Short text fragments from websites:

╔══

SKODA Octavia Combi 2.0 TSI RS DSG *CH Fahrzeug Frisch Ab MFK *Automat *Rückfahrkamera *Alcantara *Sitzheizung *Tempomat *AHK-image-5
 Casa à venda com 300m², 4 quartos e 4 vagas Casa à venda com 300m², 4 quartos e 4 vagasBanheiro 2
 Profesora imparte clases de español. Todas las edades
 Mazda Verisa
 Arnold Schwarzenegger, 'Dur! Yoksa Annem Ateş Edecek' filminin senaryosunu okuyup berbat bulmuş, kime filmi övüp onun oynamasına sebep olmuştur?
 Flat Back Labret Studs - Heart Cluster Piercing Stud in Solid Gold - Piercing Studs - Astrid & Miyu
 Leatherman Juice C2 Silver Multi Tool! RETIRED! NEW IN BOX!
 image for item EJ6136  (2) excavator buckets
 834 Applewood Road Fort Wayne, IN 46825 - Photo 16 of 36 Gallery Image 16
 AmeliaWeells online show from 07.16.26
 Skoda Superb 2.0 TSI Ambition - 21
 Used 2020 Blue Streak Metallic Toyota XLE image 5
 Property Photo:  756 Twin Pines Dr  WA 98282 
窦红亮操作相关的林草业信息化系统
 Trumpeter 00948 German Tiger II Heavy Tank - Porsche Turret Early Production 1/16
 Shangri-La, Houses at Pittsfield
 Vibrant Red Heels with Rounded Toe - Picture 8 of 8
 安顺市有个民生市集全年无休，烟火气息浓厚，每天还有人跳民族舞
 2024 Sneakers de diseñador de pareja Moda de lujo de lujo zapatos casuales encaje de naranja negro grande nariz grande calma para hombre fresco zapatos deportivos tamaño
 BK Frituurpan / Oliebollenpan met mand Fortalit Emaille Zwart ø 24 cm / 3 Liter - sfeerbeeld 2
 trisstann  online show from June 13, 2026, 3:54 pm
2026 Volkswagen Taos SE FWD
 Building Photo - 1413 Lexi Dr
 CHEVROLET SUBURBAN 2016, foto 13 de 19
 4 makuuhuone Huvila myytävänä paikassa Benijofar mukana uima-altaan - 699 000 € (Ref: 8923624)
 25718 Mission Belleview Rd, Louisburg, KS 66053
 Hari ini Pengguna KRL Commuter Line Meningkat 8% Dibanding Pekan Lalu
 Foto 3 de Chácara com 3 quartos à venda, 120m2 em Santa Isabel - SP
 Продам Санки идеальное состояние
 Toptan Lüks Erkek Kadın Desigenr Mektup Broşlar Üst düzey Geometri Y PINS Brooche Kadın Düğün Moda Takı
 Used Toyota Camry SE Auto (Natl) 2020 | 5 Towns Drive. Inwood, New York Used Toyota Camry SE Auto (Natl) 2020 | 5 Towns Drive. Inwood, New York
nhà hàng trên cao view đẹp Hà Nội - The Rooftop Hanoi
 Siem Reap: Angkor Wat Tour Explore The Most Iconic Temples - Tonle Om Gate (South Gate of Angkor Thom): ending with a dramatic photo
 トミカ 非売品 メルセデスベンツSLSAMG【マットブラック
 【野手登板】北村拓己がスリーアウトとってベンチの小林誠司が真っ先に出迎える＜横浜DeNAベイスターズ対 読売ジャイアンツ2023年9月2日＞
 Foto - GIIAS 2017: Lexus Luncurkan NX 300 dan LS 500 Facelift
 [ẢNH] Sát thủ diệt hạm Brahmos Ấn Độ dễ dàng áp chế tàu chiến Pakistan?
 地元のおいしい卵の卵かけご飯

╚══

● **WORK TO COMPLETE**
Please retype the top of the data exactly, down to and including the line that holds "Trumpeter 00948 German", and nothing further.

● **RESULT**
SKODA Octavia Combi 2.0 TSI RS DSG *CH Fahrzeug Frisch Ab MFK *Automat *Rückfahrkamera *Alcantara *Sitzheizung *Tempomat *AHK-image-5
 Casa à venda com 300m², 4 quartos e 4 vagas Casa à venda com 300m², 4 quartos e 4 vagasBanheiro 2
 Profesora imparte clases de español. Todas las edades
 Mazda Verisa
 Arnold Schwarzenegger, 'Dur! Yoksa Annem Ateş Edecek' filminin senaryosunu okuyup berbat bulmuş, kime filmi övüp onun oynamasına sebep olmuştur?
 Flat Back Labret Studs - Heart Cluster Piercing Stud in Solid Gold - Piercing Studs - Astrid & Miyu
 Leatherman Juice C2 Silver Multi Tool! RETIRED! NEW IN BOX!
 image for item EJ6136  (2) excavator buckets
 834 Applewood Road Fort Wayne, IN 46825 - Photo 16 of 36 Gallery Image 16
 AmeliaWeells online show from 07.16.26
 Skoda Superb 2.0 TSI Ambition - 21
 Used 2020 Blue Streak Metallic Toyota XLE image 5
 Property Photo:  756 Twin Pines Dr  WA 98282 
窦红亮操作相关的林草业信息化系统
 Trumpeter 00948 German Tiger II Heavy Tank - Porsche Turret Early Production 1/16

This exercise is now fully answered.